=== Section Start ===

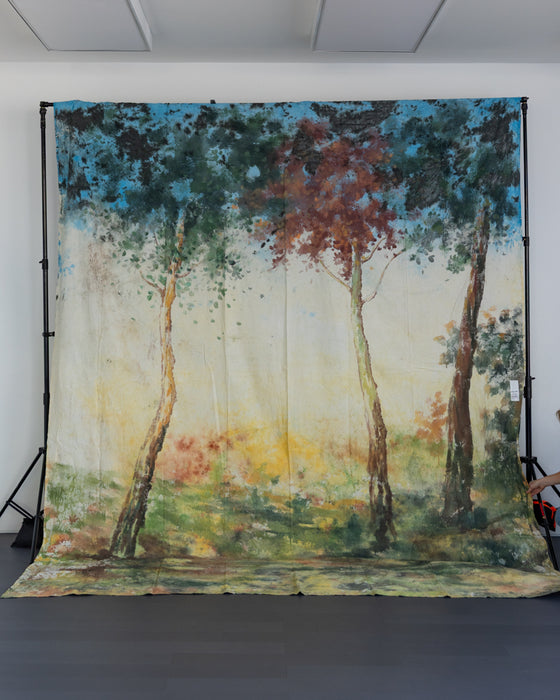 RENTAL ONLY! "Kitch Forrest" #0881 L Large Hand Painted Backdrop Rental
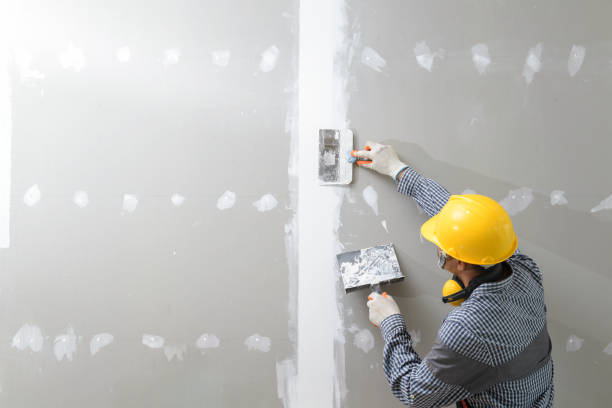 Best Biohazard Mold Removal  in Paxton, IL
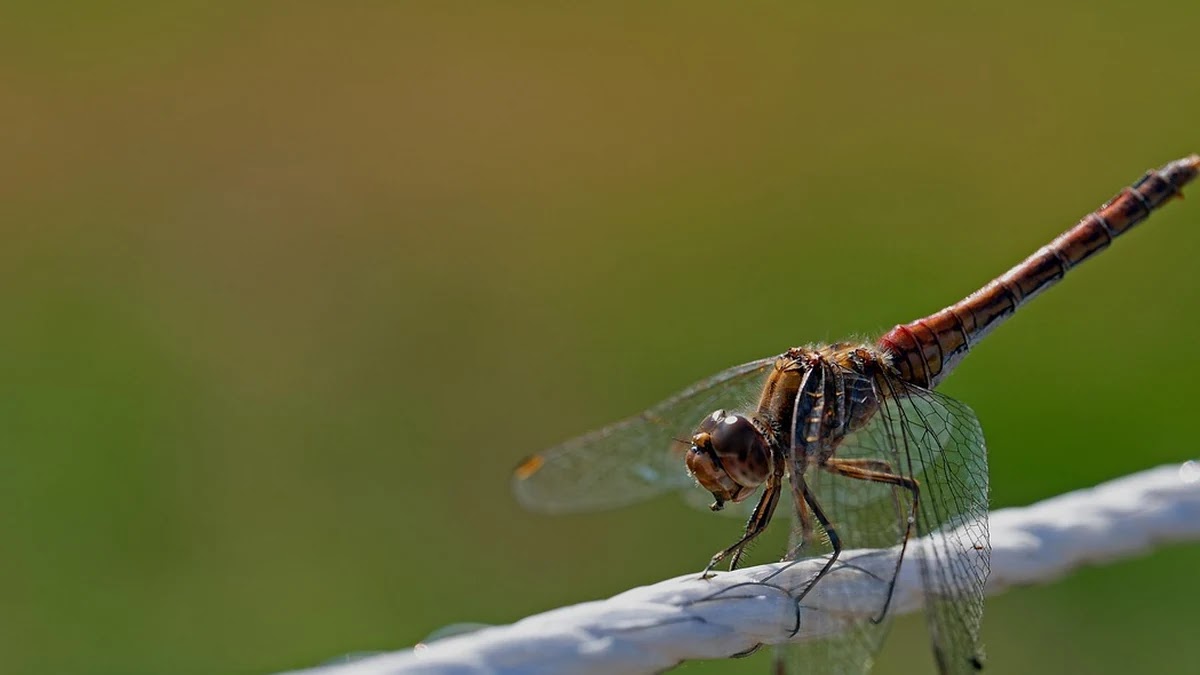 불면증 종류별 증상과 맞춤형 치료법 비교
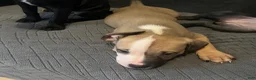 American Pit Bull Terrier dogs for sale: American Pit Bull Terrier 1 - Ad 1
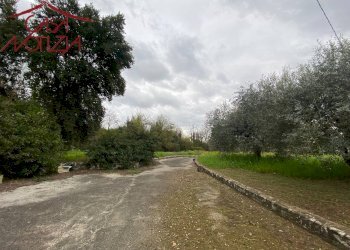 Foto 18 - Villa Capannori - foto 18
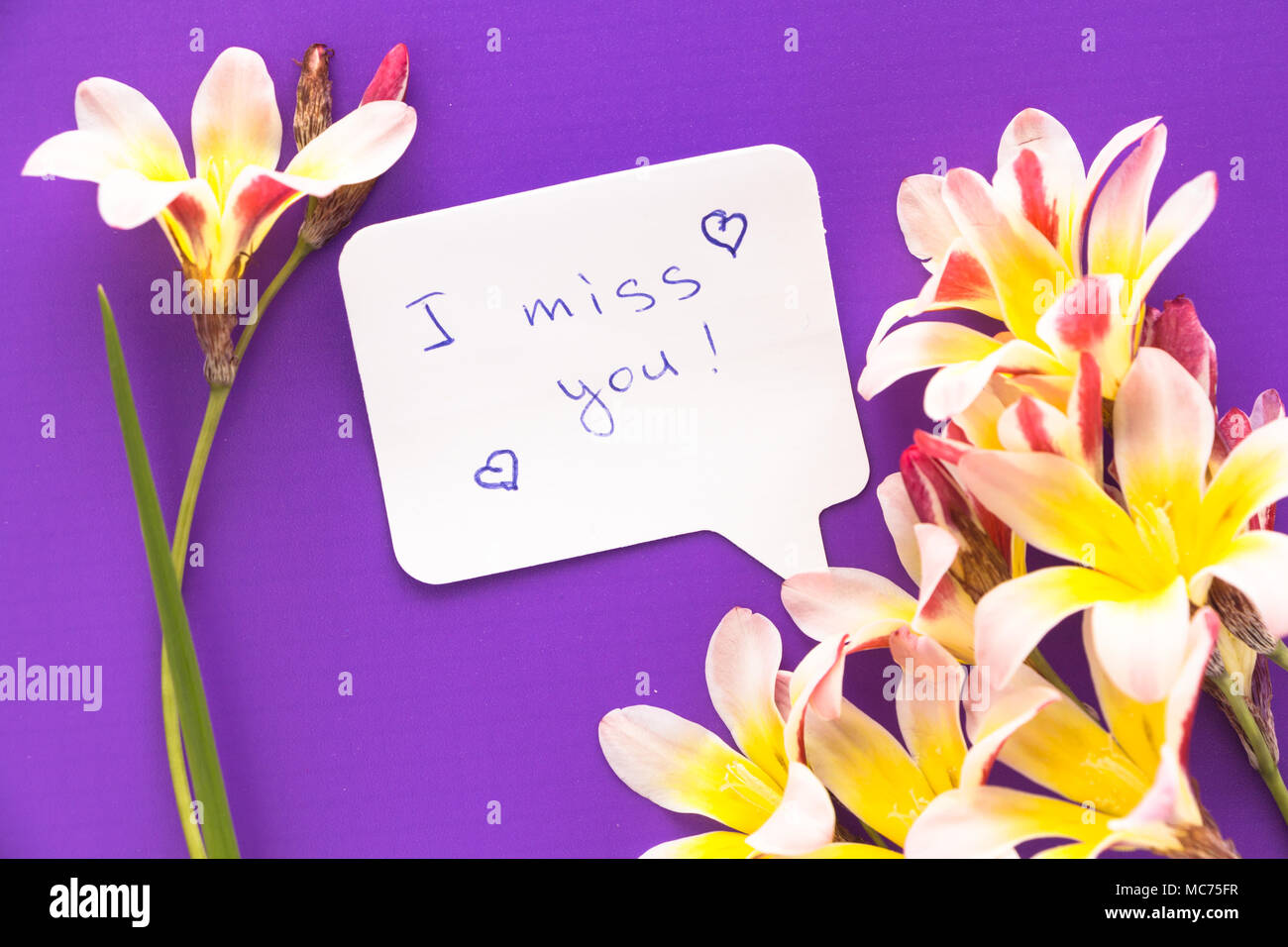 Hinweis in Form von Herzen mit den Worten "Ich vermisse Dich!" mit Blumen auf lila Untergrund. Stockfoto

=== Section End ===

**Work instruction**
Everything in the listing, except its images, should be set down exactly.

**Result of the exercise**
 RENTAL ONLY! "Kitch Forrest" #0881 L Large Hand Painted Backdrop Rental
 Best Biohazard Mold Removal  in Paxton, IL
 불면증 종류별 증상과 맞춤형 치료법 비교
 American Pit Bull Terrier dogs for sale: American Pit Bull Terrier 1 - Ad 1
 Foto 18 - Villa Capannori - foto 18
 Hinweis in Form von Herzen mit den Worten "Ich vermisse Dich!" mit Blumen auf lila Untergrund. Stockfoto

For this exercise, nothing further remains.